They desperately needed a bathroom, and asked at the nearest business -- a new car place, ironically -- who were very nice. It was key not just because they all had to pee, but for her, it was aunt flo visiting, which meant near hemmoraghic that required hourly bathroom trips. Yes, TMI, but it will be important later inthe story.
And the rugrat and bf had to call a friend from Yonkers, who'd just arrived home from the funeral, to come all the way back and pick them up. And then ensued a series of texts and phone calls, as rugrat tried to get someone to fill in for her at work until she could get there. The friend finally arrived at about 3 and drove them home.
After a few update calls from the new tow place and AAA letting her know that major traffic was delaying the tow, it finally arrived at about 5 pm. That's three hours without a bathroom, folks. Just so you know. An older man, limping, with an even older -- it seemed -- truck, that actually stalled once when they started the tow. He was a bit condescending -- ok, more than a bit -- asking questions like 'are you sure you know how to get where we're going?' Um, hello...we're going to my home. I've lived there for 11 years. I kinda think I know how to get there.
He pulled up the car onto the flatbed and off they went, stopping for fuel for his truck. Traffic was indeed horrific, on the cross bronx. Once they went north on the major deegan, the road cleared and they made better time. She directed him first to the cash machine in town, since she had to cover the toll over the whitestone both directions -- and it's more for a truck than a car. $23 more, on top of the $80.20.
After an excruciating ride -- the old truck hit every spot in the road, she hadn't had a bathroom break, and his conversation consisted of derogatory remarks about mexicans with liberal use of the word retard to describe his employees and advice for her along the lines of finding a rich old man to take care of her so she wouldn't have to work anymore-- she finally arrived home at 7 pm. Five hours without a bathroom.
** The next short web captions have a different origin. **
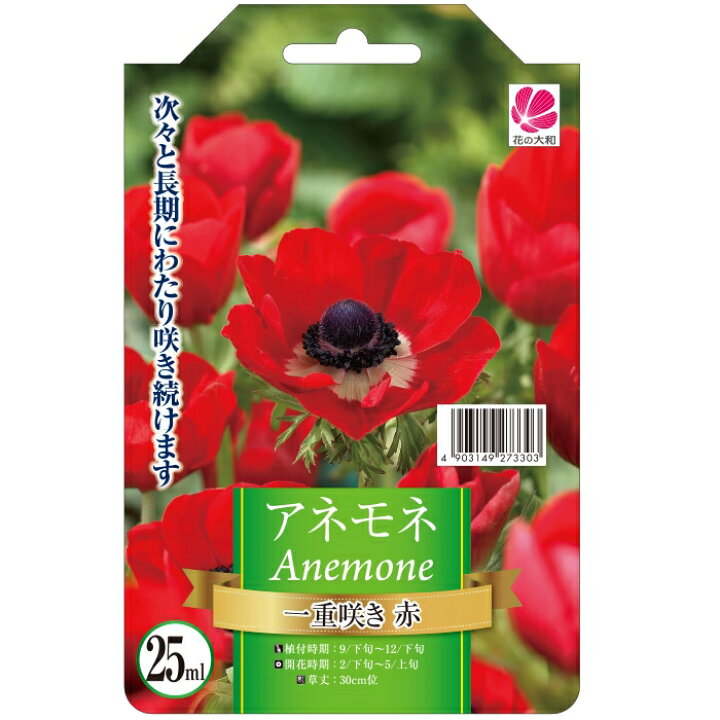 楽天市場 予約販売 花の大和 球根 アネモネ 色別 一重咲き 赤 35ml 8月中旬以降発送 フラワーネット 日本花キ流通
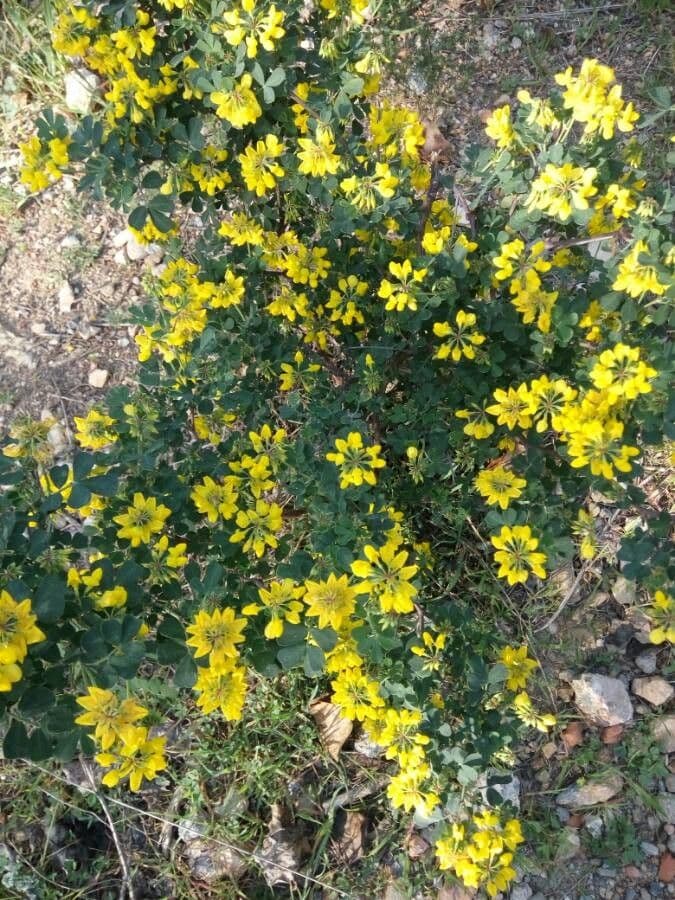 Coronilla valentina 28
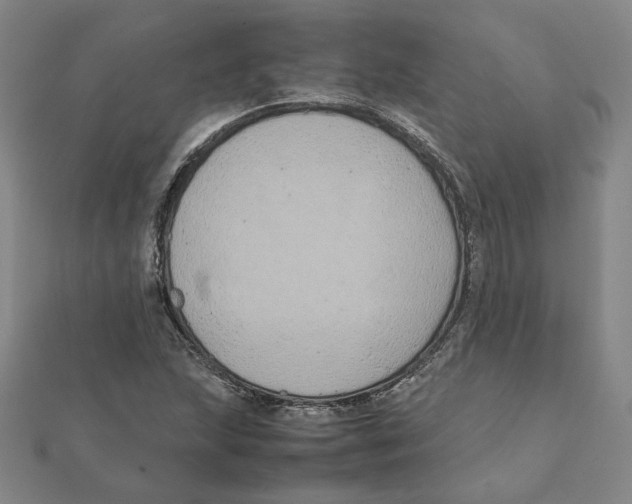 X0000111491215200908111216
He pulled her car off the flatbed and she gave him directions to get back to the major deegan (trucks can't go on the saw mill or the hutch). Since he'd spent some time complaining about some employee who couldn't find his way even with a gps, she figured he could follow her instructions -- right, right, right, then left. But as she walked up to her apartment, she heard the truck going south. He turned left instead of right. Oh well.
She ran up the stairs to the bathroom, only to discover that she needed a shower. Badly. Thanks aunt flo.
Then she ordered pizza. 'Cause she sure as hell wasn't cooking after all that.